分析《无题》

目前在整理要发到博客上的文字,对这首在2021年4月15日写的诗有了一些想法。先将原本的文本以及地址附上:

黑色的魅影在投掷那画有四个圆的球,
我跨入篮球场内,视线的交流发生。
她的练习继续而我的心则不再平静,
不是因为那羊脂玉般的脸庞,
不是因为那结合着少女的活力与妇人的丰腴的肉体,
不是因为那被称之为爱的事物。
不,在世俗的话语之中,那低劣的多,
爬虫脑之中在滋生的,
是完全的占有,
是完全的吞噬。
是在地震吗?
不,是我的现象的意识在溃散,
所幸那天阳光足够的强烈,
日神阿波罗坚守了自我。

紫银无题

现在的我认为,当时我是试图从狄奥尼索斯出发来谈论、分析并缓解我的焦虑。

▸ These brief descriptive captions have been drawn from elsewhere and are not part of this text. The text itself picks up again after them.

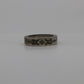 Chrome Hearts 6MM Dagger Spacer Ring Size 8.5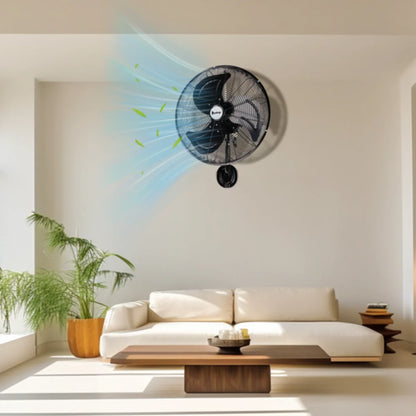 18-inch High Velocity Wall Mount Fan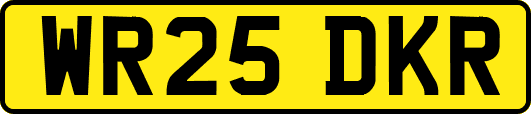WR25DKR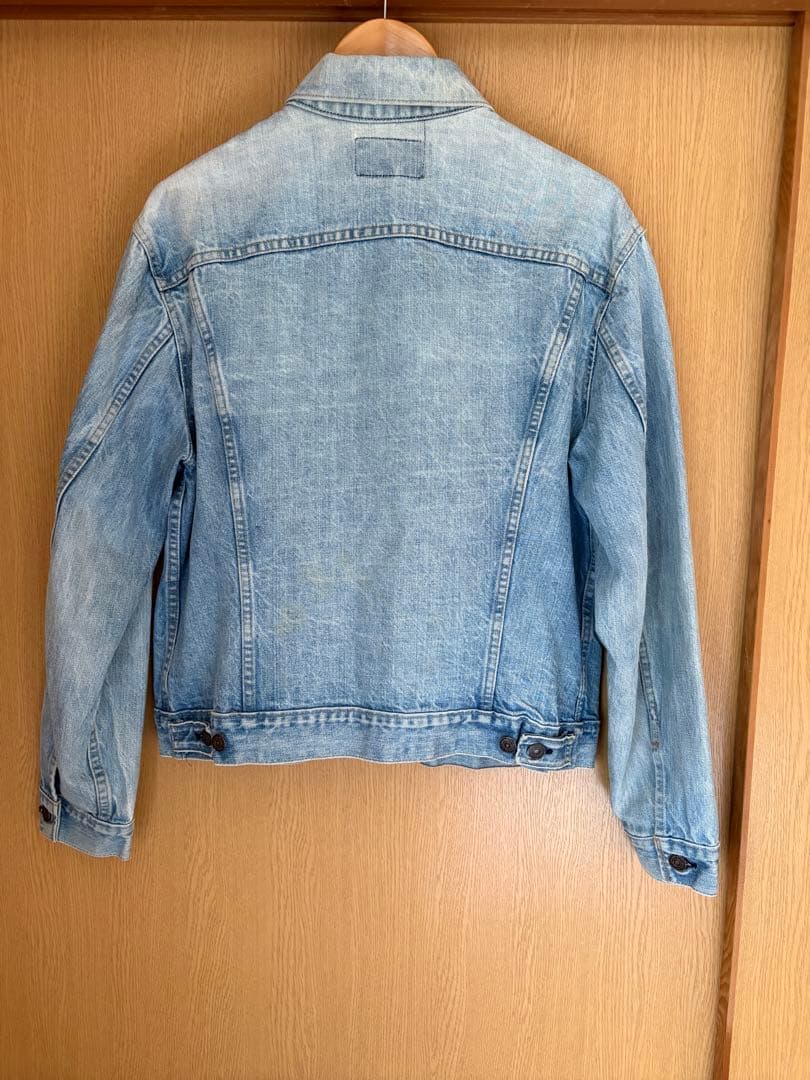 【BIG size】70s80s USA製 levi's 70505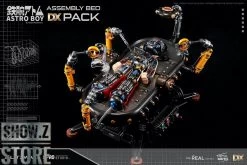 Blitzway X 5PRO Studio Astro Boy Clear Version & Assembly Bed DX Pack -Action Figures Store cebfe9a23a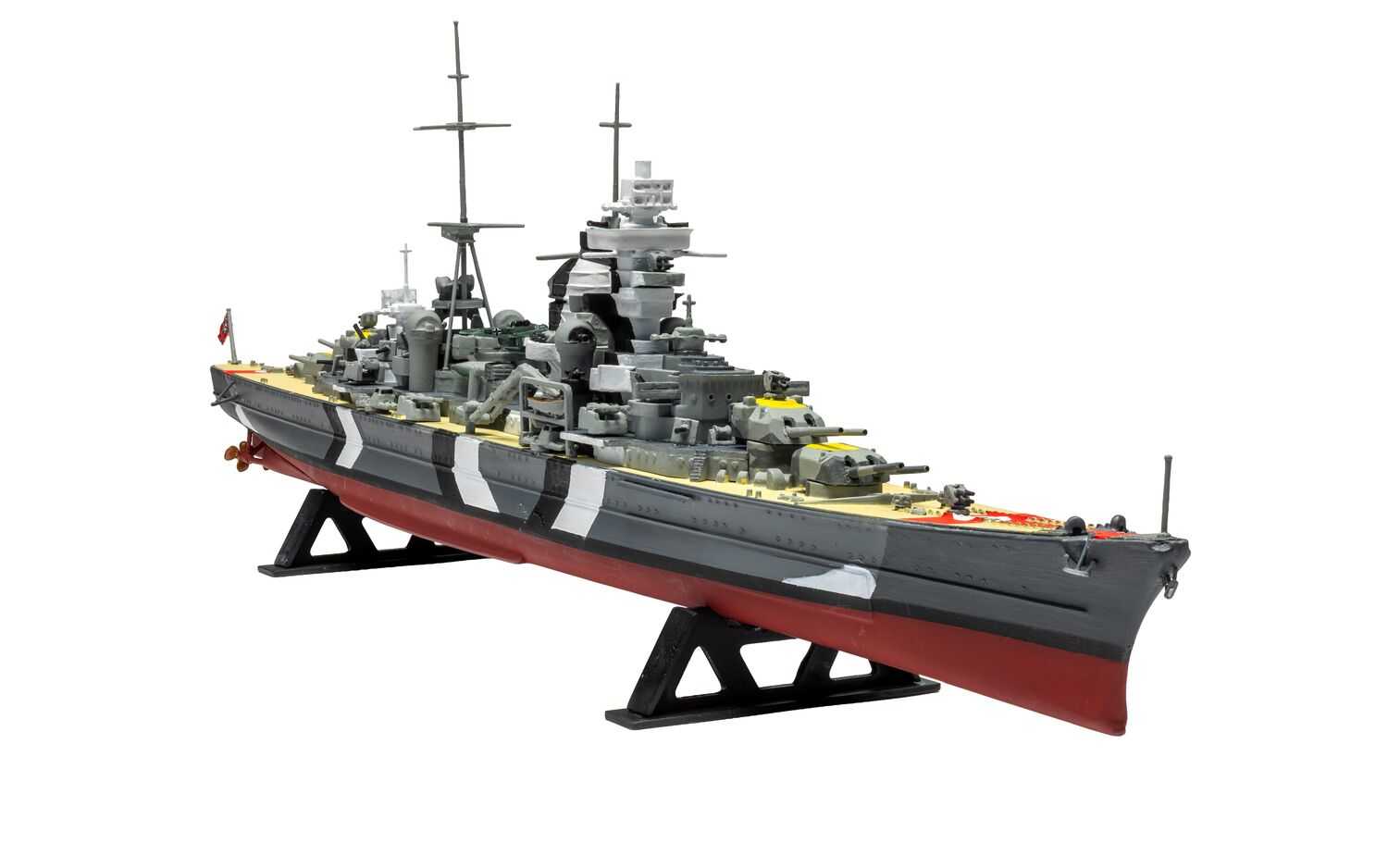 Bitevní loď Prinz Eugen (1:600)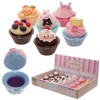 Cupcake Lip Balm Various Flavours Gloss Pixie Hill Bakery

而引起我注意的是,我没有直接去言说焦虑的种种感受、想法和补偿性的幻想,而是先引述了一些客体,而后经由这些客体用间接的方式(“更低劣”)才能使得我的欲望、幻想现身在场,并只能借用一个看似科学性的概念——爬虫脑(我想我是从阿城的《常识与通识》之中借来的这个概念)——来意指那个我不敢直接言说的东西,然后处在那个位置上笼统的说了两句话。随后就像逃跑似的将目光抽离了那个位置而回到了主体性,并着眼于内在。无论是“地震”还是“溃散”都显现出来了某种惊慌和恐惧,因而是逃跑的。甚至可以说我并不曾真正到达过那个位置,在将要到达那个位置时,我就转身逃跑了。而再回过头来看我前面引述的一些客体就好像是在向某个人(也许就是超我结构)论证我的欲望的合理性,随后我才能够去欲望。就好像这样一个场景:有这样一个东西如山一般阻碍着我前进,而我就需要通过论证不断积累动能或者说合法性才能够冲过那座山,继续前进。在这样的畏首畏尾的准备之后,我还是只能侧面的、间接的去言说欲望,并且很快的逃跑了,甚至还用阿波罗、理性为自己找借口。在如今的我看来,这首诗甚至达到了某种犬儒主义的极限。
在分析的过程之中,有一个想法悬浮在那里,既然我已经能够指出其中的惊慌、软弱、犬儒,那么现在我所处的位置又是什么呢,那么现在的我是不是该试着去重写这样一首诗呢?否则,前面的分析之中拉开的距离是不是只是理性的狡计罢了,那么我现在所处的位置甚至回避诗中的位置更加的犬儒。
所以有了以下这首诗

想象的想象
黑色的魅影在一个人进行篮球的练习,
那么认真,那么努力,
她那么美,她那么好。
她成了我无法理解的造物,
因而,我不能想象我怎么占有她,
我只能想象我想象着占有她,
在我的想象世界里大兴土木,
意图弥合那经验的边界上的裂缝,
想象那已经弥合,想象我已经享乐。
醒来,
一无所有。

紫银想象的想象

简单的来看,我只是能够指出这样一种不可能性。但是我不能否认其中仍然存在着犬儒的维度,甚至未必会比前一首诗里来得少。也许应该说,企图在这里用诗歌、写作或语言超越犬儒这本身也是很犬儒的一件事,也许这两首诗的犬儒其实根源于场景,那个我写作时面对的场景。一个人看着,受到了某种冲击,逃离,这本就是很犬儒的了。